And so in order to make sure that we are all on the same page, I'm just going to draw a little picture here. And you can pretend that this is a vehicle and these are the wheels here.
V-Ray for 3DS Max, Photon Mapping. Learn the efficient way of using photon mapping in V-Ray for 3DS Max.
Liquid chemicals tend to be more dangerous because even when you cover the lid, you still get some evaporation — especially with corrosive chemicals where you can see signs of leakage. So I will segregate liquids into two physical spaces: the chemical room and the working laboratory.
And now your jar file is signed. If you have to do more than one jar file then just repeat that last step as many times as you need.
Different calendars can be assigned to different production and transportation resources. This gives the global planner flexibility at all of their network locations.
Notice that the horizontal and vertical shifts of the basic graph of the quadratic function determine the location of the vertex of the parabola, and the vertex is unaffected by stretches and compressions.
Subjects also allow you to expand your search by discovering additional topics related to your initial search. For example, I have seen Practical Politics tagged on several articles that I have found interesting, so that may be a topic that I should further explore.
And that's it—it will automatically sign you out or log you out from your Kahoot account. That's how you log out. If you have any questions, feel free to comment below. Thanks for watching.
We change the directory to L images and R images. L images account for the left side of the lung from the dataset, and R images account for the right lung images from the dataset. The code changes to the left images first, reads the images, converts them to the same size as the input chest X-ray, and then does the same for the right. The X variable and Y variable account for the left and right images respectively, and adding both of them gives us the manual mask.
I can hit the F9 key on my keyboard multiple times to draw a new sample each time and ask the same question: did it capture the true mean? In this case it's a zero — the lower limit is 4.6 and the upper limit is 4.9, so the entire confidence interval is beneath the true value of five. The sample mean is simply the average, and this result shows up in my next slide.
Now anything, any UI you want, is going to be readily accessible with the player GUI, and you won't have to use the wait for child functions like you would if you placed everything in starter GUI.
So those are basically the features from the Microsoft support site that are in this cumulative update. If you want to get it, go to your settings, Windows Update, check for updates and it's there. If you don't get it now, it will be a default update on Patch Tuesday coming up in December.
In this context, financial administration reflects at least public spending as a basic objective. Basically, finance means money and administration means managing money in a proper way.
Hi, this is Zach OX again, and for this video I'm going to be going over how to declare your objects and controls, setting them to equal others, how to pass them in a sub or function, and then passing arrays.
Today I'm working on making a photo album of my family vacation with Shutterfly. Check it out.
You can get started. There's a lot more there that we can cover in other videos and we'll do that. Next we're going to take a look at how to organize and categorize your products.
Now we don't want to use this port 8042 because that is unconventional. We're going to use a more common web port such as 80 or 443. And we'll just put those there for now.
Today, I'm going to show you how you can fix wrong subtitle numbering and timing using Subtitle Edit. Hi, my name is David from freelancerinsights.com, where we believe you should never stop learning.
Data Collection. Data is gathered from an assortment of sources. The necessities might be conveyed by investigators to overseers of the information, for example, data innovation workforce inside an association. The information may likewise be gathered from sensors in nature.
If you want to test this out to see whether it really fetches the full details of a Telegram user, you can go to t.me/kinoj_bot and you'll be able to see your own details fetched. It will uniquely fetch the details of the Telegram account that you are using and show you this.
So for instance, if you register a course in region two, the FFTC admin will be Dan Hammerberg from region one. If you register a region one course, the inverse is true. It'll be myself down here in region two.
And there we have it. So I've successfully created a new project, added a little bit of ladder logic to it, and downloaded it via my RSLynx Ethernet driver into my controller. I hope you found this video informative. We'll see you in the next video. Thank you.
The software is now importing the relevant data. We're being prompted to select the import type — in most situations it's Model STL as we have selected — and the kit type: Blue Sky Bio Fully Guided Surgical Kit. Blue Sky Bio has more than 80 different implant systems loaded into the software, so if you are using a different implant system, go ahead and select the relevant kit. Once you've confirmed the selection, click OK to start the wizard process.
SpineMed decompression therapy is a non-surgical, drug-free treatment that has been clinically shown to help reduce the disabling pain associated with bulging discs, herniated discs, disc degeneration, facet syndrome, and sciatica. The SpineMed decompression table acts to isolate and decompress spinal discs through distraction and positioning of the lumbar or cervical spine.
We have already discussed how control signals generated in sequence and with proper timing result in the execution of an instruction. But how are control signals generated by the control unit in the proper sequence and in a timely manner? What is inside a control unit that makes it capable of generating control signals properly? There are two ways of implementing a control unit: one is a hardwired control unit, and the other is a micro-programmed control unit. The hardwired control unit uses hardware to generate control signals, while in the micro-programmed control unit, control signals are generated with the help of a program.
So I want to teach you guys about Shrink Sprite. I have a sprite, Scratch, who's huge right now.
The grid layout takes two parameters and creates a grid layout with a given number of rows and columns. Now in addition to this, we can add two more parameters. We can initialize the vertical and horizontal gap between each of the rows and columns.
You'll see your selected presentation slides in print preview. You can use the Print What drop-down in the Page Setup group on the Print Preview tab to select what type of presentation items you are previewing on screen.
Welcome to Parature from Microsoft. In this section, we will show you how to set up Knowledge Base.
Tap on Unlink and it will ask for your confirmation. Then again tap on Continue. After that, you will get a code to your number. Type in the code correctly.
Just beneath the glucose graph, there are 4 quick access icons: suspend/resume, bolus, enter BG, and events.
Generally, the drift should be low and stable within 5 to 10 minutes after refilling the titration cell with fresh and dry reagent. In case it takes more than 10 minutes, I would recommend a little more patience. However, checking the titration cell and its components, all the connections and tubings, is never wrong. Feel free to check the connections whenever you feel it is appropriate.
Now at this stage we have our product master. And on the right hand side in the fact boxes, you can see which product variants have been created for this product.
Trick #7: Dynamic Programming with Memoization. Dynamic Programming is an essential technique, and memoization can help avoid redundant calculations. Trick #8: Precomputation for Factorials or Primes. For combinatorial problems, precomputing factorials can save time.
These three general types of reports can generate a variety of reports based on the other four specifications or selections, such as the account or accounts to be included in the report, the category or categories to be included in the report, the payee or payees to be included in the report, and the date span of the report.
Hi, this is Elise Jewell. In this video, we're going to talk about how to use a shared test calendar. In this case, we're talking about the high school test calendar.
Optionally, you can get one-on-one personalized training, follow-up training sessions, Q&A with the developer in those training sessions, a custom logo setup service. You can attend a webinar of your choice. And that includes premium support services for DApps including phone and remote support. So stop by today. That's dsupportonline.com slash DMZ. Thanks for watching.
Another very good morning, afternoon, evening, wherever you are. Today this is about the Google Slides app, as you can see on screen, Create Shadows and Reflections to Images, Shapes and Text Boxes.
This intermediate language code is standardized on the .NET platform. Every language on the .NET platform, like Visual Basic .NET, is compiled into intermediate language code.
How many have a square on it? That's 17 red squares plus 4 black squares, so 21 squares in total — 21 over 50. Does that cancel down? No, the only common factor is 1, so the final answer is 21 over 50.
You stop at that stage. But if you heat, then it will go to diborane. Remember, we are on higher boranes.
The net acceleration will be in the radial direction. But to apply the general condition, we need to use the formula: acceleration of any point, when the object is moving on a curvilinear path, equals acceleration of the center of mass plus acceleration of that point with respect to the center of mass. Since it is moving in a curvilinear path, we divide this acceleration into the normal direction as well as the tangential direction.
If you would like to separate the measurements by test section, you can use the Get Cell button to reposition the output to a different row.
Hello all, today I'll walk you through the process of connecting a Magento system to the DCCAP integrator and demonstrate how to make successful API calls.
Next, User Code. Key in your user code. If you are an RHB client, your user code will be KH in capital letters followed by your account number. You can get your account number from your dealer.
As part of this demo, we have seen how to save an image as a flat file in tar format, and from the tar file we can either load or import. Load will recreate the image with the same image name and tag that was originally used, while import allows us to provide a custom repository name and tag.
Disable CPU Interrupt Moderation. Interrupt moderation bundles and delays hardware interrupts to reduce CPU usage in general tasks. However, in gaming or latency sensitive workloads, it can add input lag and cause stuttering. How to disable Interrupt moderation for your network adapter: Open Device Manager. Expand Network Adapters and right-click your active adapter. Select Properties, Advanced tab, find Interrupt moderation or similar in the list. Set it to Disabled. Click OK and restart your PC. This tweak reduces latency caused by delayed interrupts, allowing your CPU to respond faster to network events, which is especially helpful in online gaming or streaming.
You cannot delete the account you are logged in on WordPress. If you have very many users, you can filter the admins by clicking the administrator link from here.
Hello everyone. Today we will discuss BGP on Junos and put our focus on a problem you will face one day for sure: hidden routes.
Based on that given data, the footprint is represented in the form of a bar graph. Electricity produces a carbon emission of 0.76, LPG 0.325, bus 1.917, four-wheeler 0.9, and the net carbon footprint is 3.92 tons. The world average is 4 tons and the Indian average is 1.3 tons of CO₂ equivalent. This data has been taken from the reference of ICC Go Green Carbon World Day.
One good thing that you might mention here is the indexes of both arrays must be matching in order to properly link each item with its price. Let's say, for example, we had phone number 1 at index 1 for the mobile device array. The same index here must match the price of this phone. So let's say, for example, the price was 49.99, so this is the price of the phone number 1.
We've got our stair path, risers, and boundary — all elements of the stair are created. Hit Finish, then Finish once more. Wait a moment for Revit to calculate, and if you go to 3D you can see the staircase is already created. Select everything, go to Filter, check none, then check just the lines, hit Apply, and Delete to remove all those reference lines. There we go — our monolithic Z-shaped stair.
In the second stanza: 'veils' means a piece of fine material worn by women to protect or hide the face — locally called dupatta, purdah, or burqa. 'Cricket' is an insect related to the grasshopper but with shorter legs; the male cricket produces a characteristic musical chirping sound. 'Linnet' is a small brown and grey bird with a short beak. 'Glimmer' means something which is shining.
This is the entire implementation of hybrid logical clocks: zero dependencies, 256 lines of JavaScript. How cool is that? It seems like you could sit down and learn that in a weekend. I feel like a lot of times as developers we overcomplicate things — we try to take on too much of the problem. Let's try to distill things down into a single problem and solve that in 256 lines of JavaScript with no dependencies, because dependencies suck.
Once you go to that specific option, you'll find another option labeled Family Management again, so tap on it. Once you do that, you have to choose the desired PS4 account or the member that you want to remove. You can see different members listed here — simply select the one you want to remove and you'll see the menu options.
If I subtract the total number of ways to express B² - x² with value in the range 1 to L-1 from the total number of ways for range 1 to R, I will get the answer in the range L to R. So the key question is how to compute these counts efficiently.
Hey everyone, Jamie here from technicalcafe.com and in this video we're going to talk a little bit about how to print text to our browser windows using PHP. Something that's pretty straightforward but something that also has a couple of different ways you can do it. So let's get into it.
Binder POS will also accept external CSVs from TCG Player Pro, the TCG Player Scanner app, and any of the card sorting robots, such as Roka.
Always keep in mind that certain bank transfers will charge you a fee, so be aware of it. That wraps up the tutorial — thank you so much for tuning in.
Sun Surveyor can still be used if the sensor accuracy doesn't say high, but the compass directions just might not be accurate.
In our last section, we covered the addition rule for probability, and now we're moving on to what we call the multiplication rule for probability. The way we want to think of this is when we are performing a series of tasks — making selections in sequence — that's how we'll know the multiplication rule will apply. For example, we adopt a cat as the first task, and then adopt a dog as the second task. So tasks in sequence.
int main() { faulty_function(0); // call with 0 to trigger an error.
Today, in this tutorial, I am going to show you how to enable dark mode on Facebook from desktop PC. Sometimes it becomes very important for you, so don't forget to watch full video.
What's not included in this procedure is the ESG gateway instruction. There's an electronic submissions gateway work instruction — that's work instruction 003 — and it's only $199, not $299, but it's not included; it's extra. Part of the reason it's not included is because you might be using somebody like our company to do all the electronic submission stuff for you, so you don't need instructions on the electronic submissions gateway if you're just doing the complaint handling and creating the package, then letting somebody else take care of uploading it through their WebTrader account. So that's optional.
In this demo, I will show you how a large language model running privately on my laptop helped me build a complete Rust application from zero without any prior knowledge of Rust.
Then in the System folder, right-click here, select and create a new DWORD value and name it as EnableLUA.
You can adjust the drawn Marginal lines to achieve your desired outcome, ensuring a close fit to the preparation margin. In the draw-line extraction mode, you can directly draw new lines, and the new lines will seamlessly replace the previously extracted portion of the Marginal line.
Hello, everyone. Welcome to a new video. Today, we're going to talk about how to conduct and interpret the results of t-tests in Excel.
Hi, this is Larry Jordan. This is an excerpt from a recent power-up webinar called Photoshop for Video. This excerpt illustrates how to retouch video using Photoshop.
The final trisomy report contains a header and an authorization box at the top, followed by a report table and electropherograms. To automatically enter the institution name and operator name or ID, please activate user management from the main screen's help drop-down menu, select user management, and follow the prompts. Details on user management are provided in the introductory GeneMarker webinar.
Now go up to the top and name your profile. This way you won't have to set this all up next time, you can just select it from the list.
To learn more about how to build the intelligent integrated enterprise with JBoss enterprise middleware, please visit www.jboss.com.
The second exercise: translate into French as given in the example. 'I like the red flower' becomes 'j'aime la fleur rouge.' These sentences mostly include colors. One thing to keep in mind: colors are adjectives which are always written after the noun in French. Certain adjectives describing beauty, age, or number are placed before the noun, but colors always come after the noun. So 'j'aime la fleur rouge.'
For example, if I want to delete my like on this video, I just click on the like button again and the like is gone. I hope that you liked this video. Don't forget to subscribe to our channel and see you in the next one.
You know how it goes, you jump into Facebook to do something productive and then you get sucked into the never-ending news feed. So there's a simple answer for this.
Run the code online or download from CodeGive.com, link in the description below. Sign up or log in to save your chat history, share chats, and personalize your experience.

Problem requirements:
Leave out every line above except those from the line with "Today, in this" up to and including the line with "Then in the", and copy those exactly.

Worked solution:
Today, in this tutorial, I am going to show you how to enable dark mode on Facebook from desktop PC. Sometimes it becomes very important for you, so don't forget to watch full video.
What's not included in this procedure is the ESG gateway instruction. There's an electronic submissions gateway work instruction — that's work instruction 003 — and it's only $199, not $299, but it's not included; it's extra. Part of the reason it's not included is because you might be using somebody like our company to do all the electronic submission stuff for you, so you don't need instructions on the electronic submissions gateway if you're just doing the complaint handling and creating the package, then letting somebody else take care of uploading it through their WebTrader account. So that's optional.
In this demo, I will show you how a large language model running privately on my laptop helped me build a complete Rust application from zero without any prior knowledge of Rust.
Then in the System folder, right-click here, select and create a new DWORD value and name it as EnableLUA.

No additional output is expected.